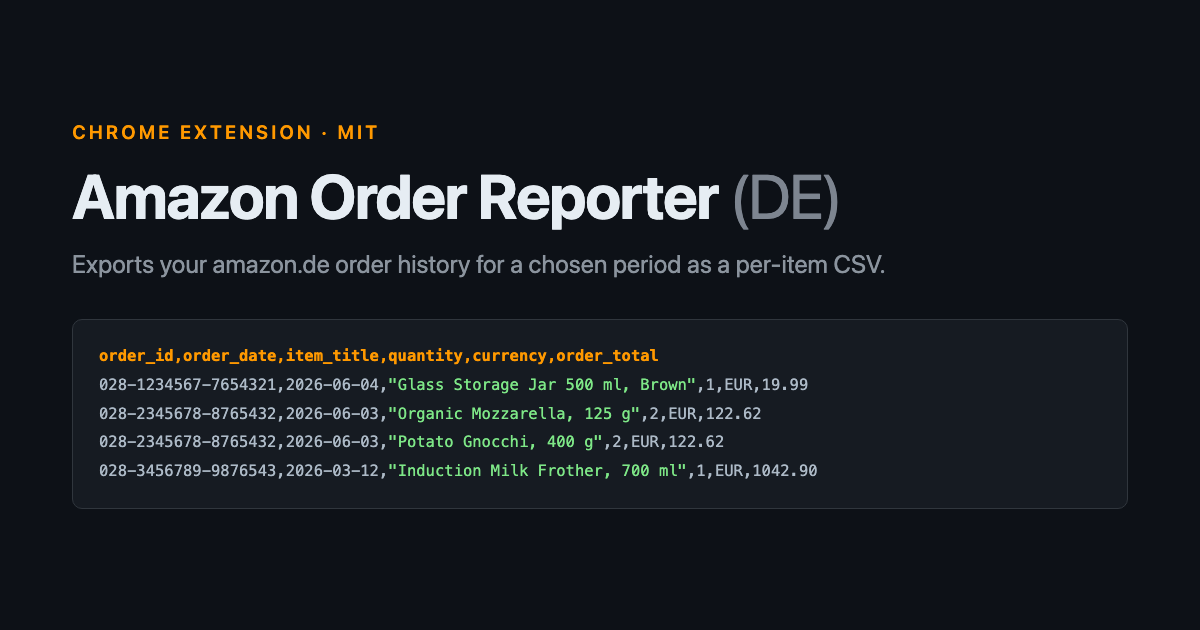 Exporting amazon.de order history to CSV with a Chrome extension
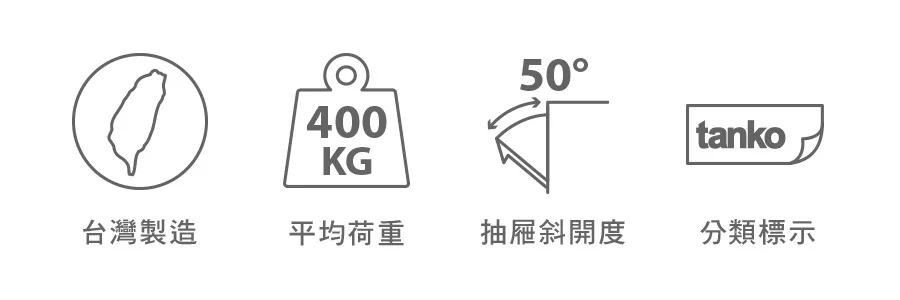 工業用零件推車產品屬性說明，耐衝擊塑膠材質、荷重400kg與斜開50度抽屜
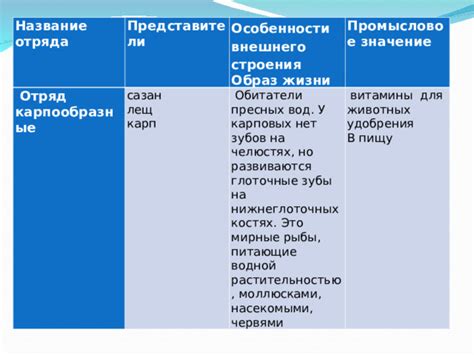 История использования в пищу и промысловое значение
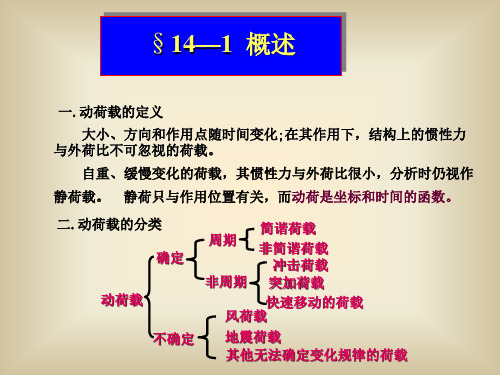 《结构力学》第十四章结构振动与稳定1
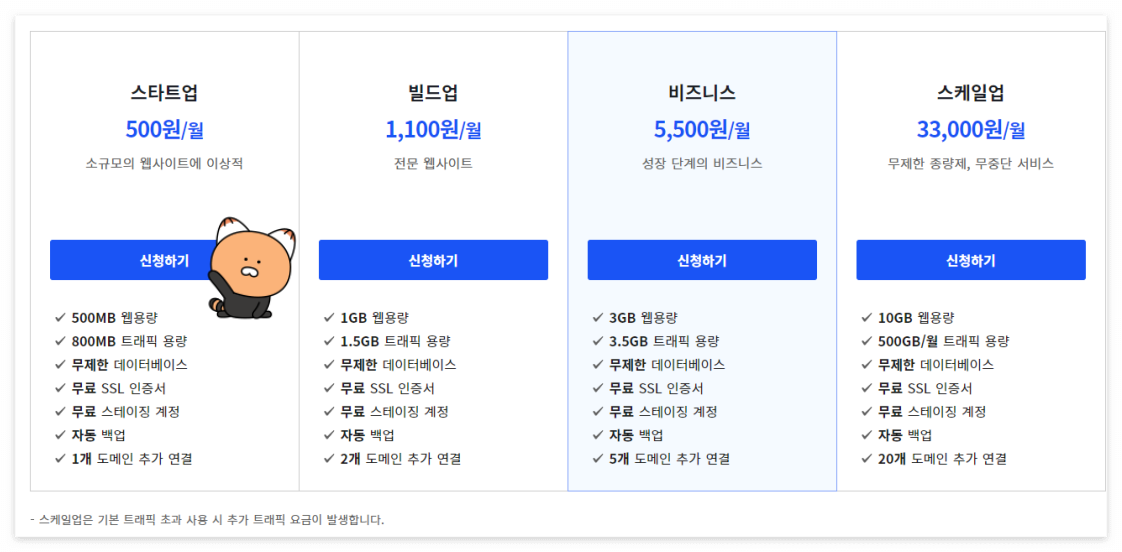 워드프레스 가격정보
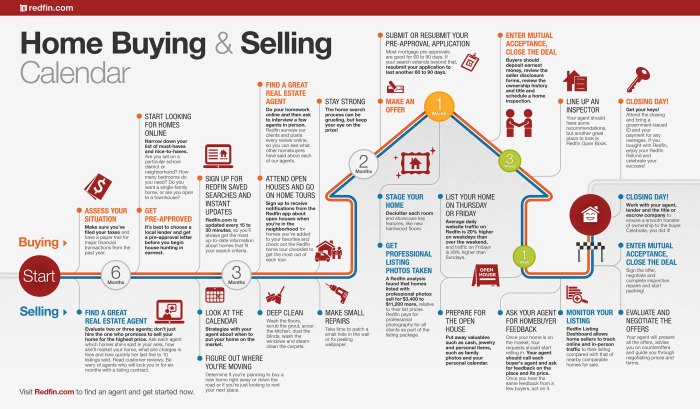 Buying house steps process tips first buyer call realtor experienced estate real time payment do financialhighway choose board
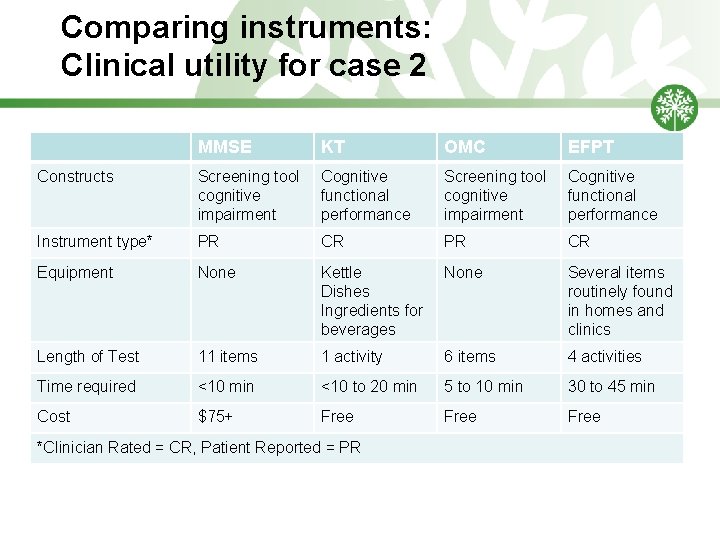 Comparing instruments: Clinical utility for case 2 MMSE KT OMC EFPT Constructs Screening tool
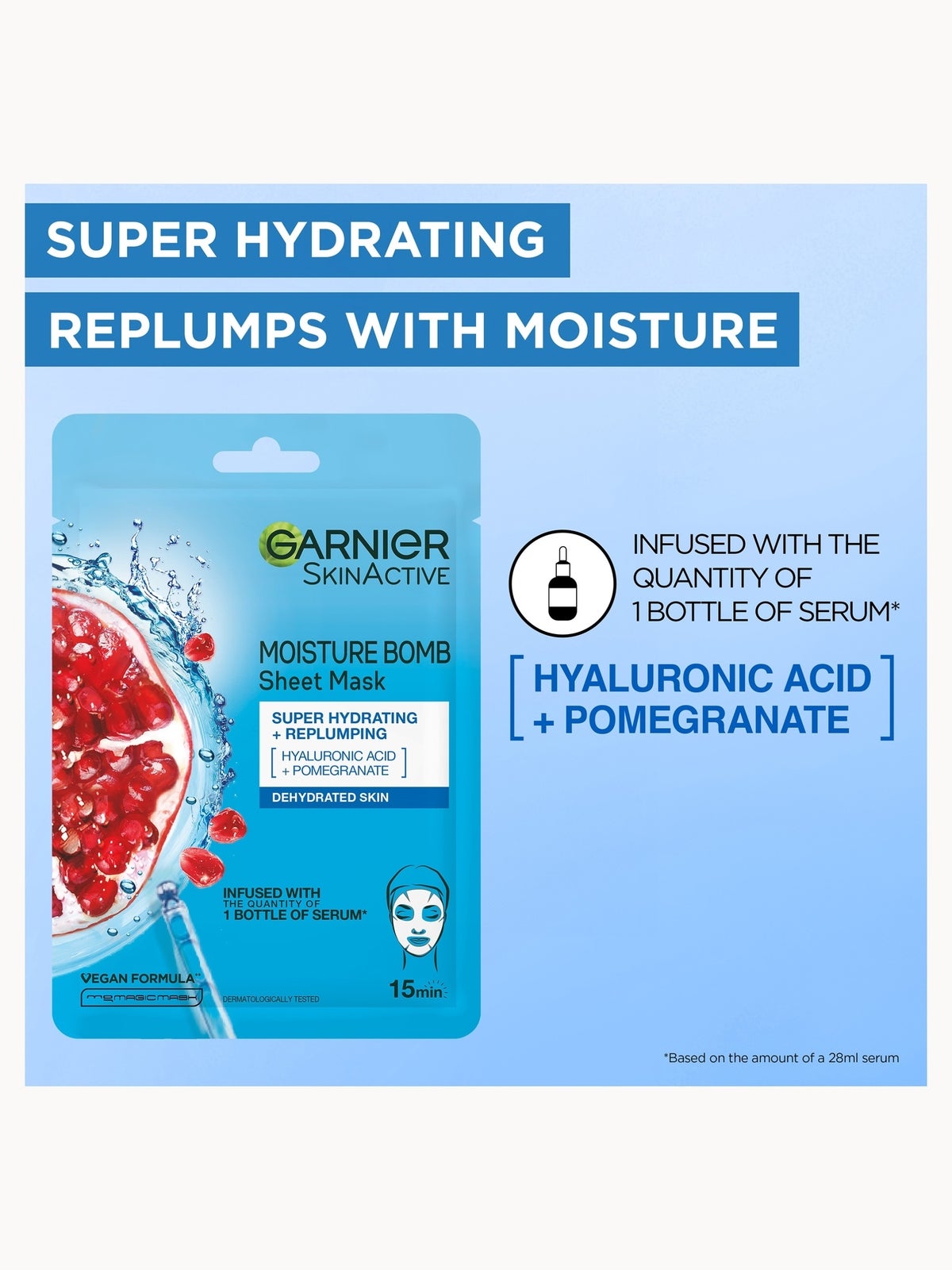 Garnier Micellar Water Sensitive Skin and Hydrating Face Sheet Mask for Dehydrated Skin Kit Exclusive (Worth £8.98) 3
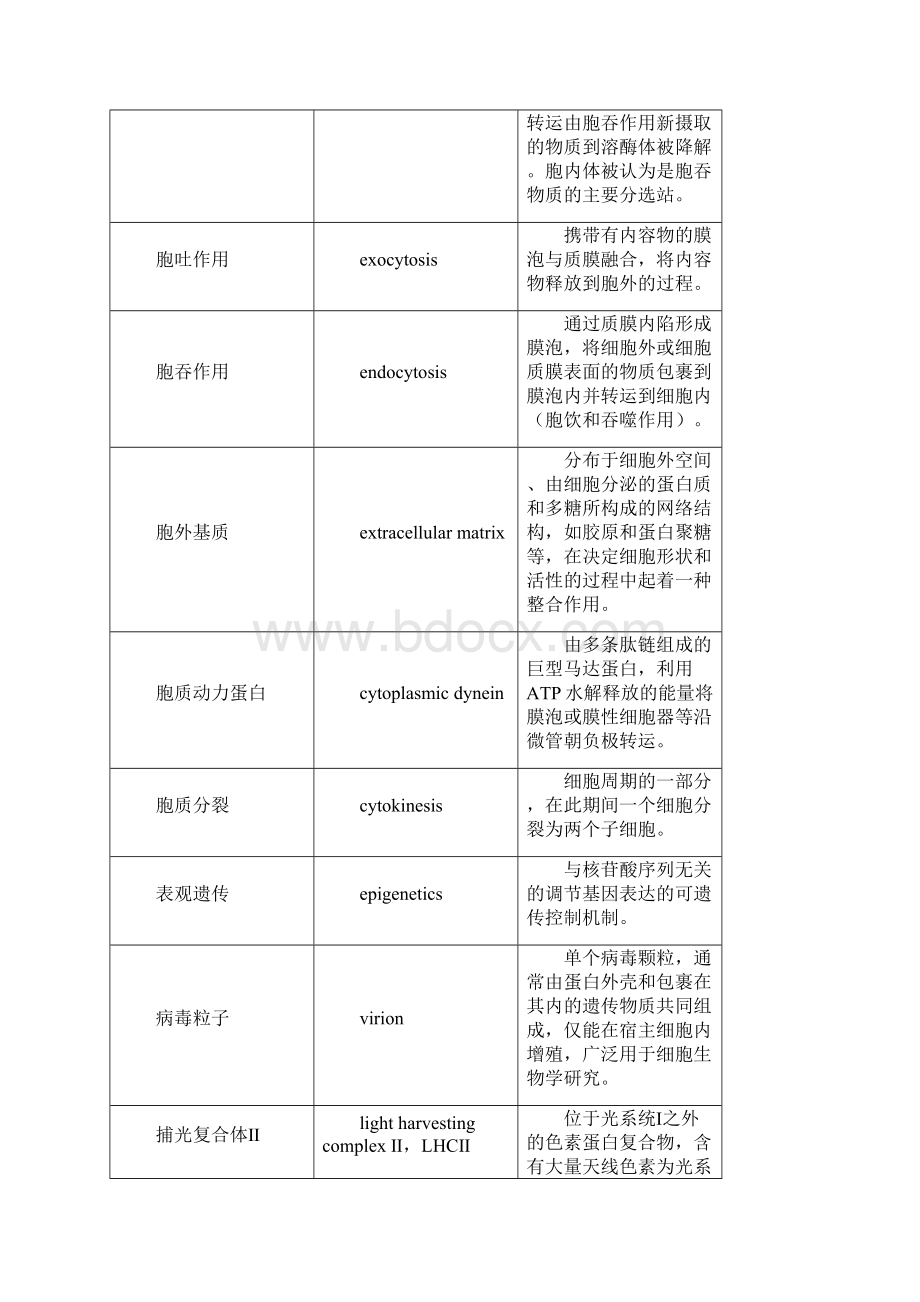 细胞生物学名词解释翟中和第四版Word文档下载推荐.docx_第2页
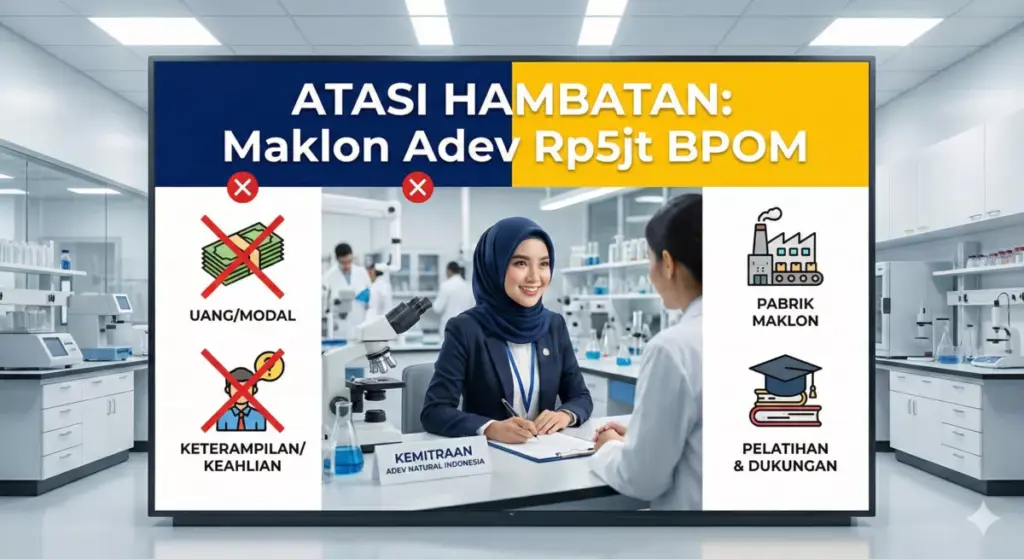 Infografis hambatan modal & skill diatasi maklon Adev: BPOM Rp5jt, halal Rp3jt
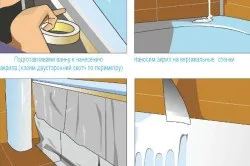 Реставрація старих ванн своїми руками методи відновлення (реставрація відновлення чавунна стара ванна спосіб метод особистого вжитку) Реставрація старих ванн своїми руками методи відновлення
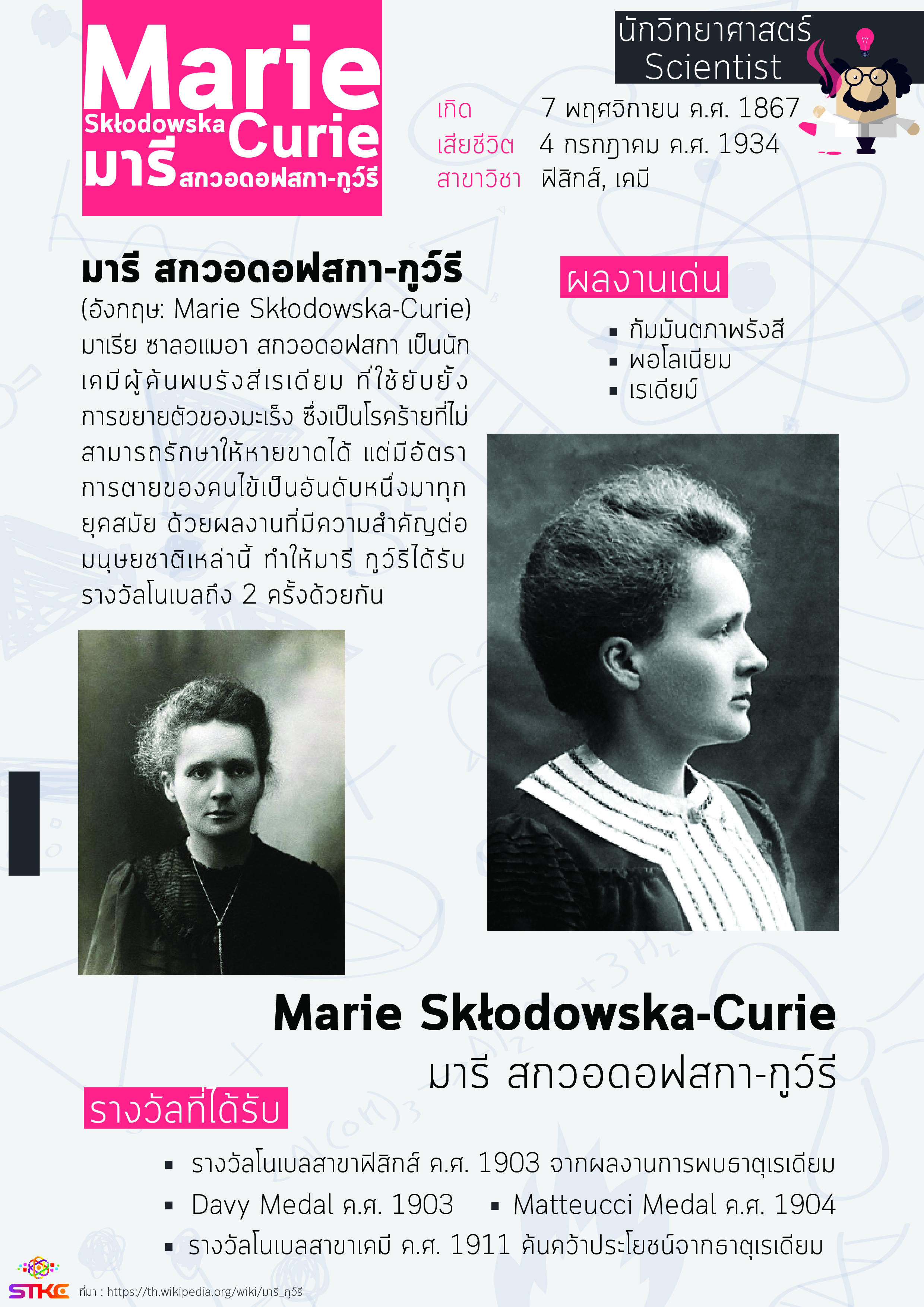นักวิทยาศาสตร์ มารี สกวอดอฟสกา-กูว์รี (Marie Skłodowska-Curie)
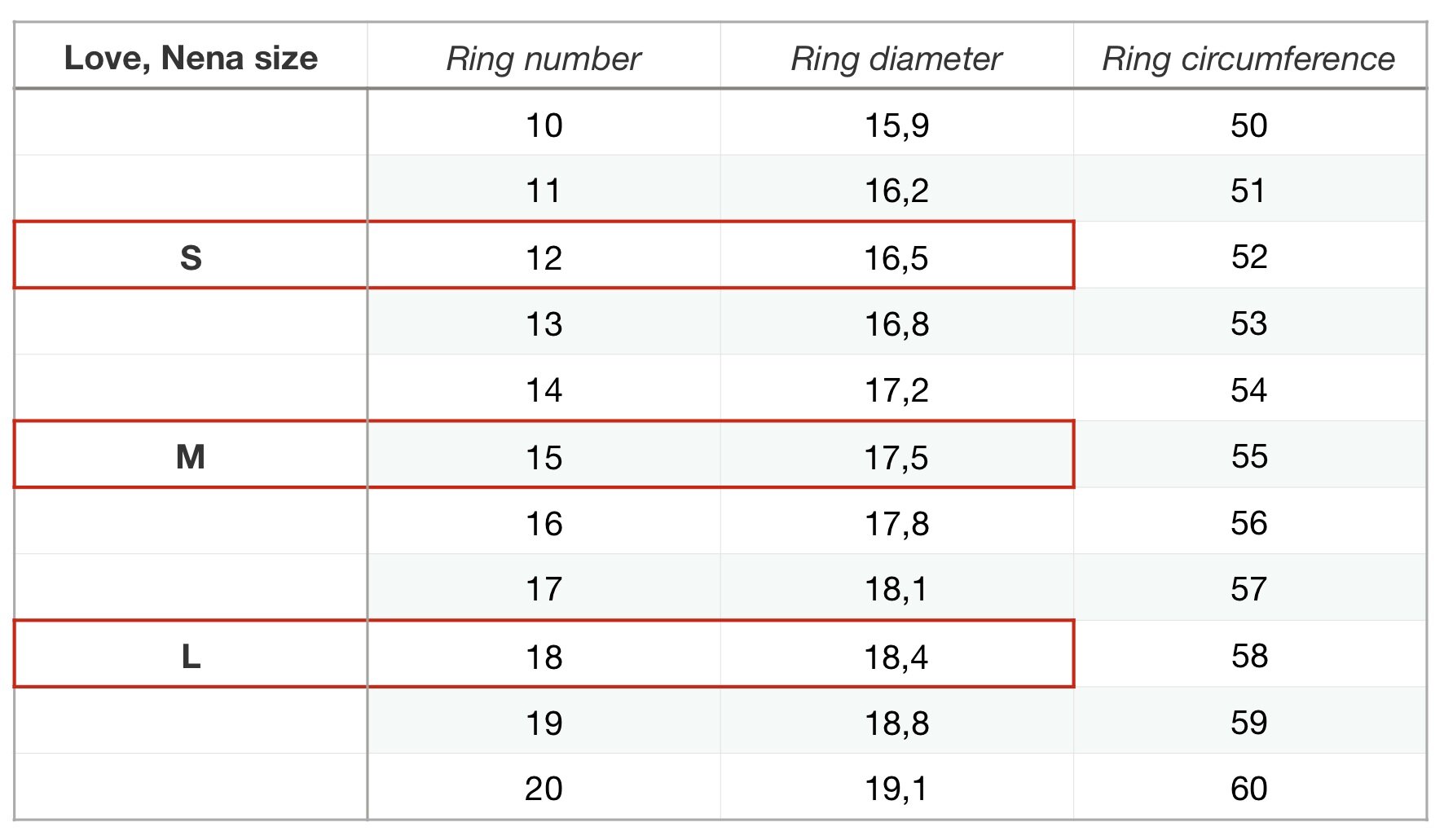 Ring Sizing Guide - Sam's Club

================

■ **ASSIGNMENT**: Do not copy pictures. Restate exactly the lines from the one containing "Buying house steps" through the last line of the records.

■ **WRITTEN ANSWER**:
 Buying house steps process tips first buyer call realtor experienced estate real time payment do financialhighway choose board
 Comparing instruments: Clinical utility for case 2 MMSE KT OMC EFPT Constructs Screening tool
 Garnier Micellar Water Sensitive Skin and Hydrating Face Sheet Mask for Dehydrated Skin Kit Exclusive (Worth £8.98) 3
 细胞生物学名词解释翟中和第四版Word文档下载推荐.docx_第2页
 Infografis hambatan modal & skill diatasi maklon Adev: BPOM Rp5jt, halal Rp3jt
 Реставрація старих ванн своїми руками методи відновлення (реставрація відновлення чавунна стара ванна спосіб метод особистого вжитку) Реставрація старих ванн своїми руками методи відновлення
นักวิทยาศาสตร์ มารี สกวอดอฟสกา-กูว์รี (Marie Skłodowska-Curie)
 Ring Sizing Guide - Sam's Club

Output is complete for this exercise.